__Supplied data__:
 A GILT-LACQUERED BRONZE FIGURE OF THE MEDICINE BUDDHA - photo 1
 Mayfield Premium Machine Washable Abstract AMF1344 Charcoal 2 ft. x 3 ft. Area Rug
* * *
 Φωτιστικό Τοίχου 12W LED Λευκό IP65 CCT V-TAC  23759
--
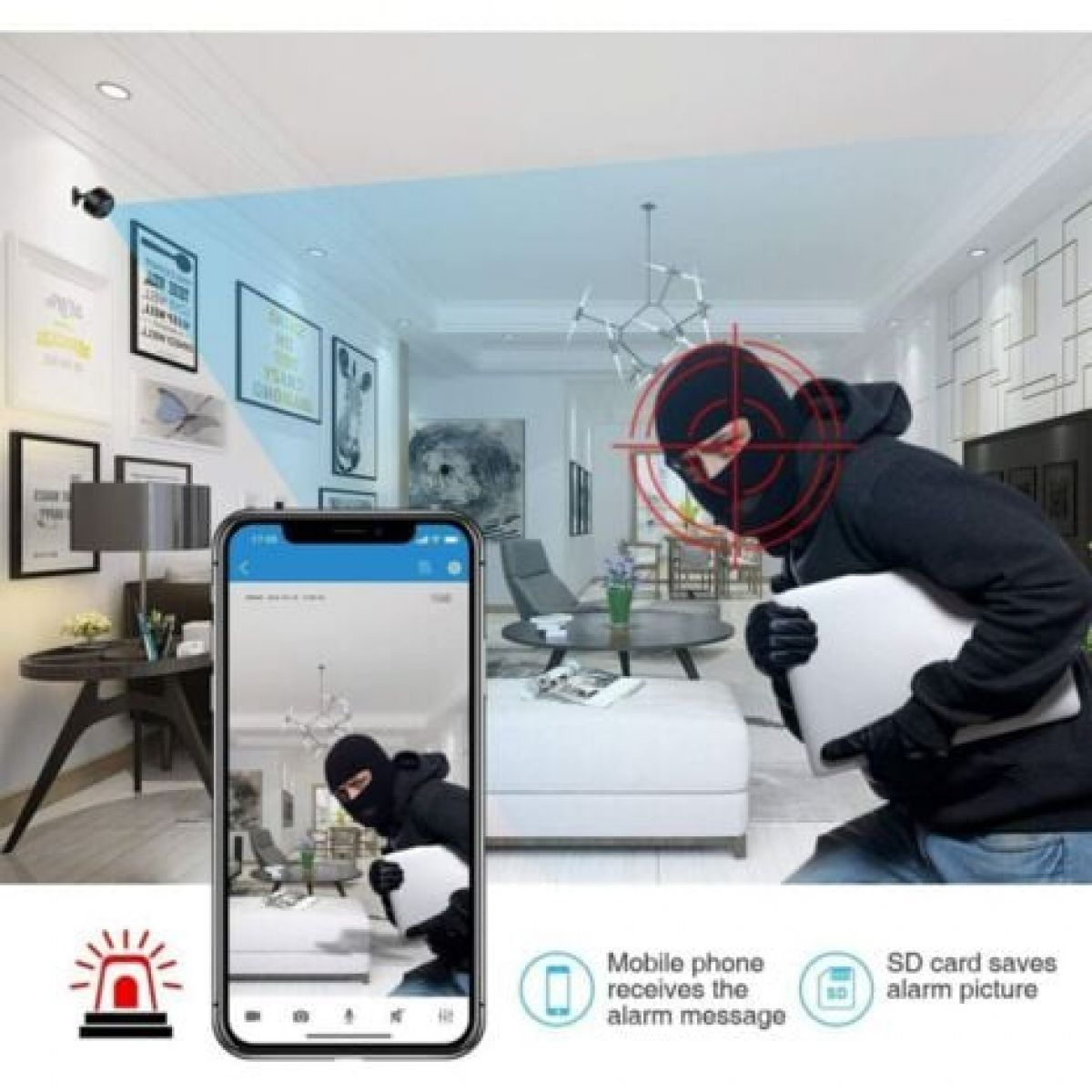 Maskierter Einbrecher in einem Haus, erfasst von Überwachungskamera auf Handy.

__What you will do__: Copy the lines of the data above exactly as written, beginning with the line containing "A GILT-LACQUERED BRONZE" and ending with the line containing "Mayfield Premium Machine", and leave out all other lines.

__Written solution__:
 A GILT-LACQUERED BRONZE FIGURE OF THE MEDICINE BUDDHA - photo 1
 Mayfield Premium Machine Washable Abstract AMF1344 Charcoal 2 ft. x 3 ft. Area Rug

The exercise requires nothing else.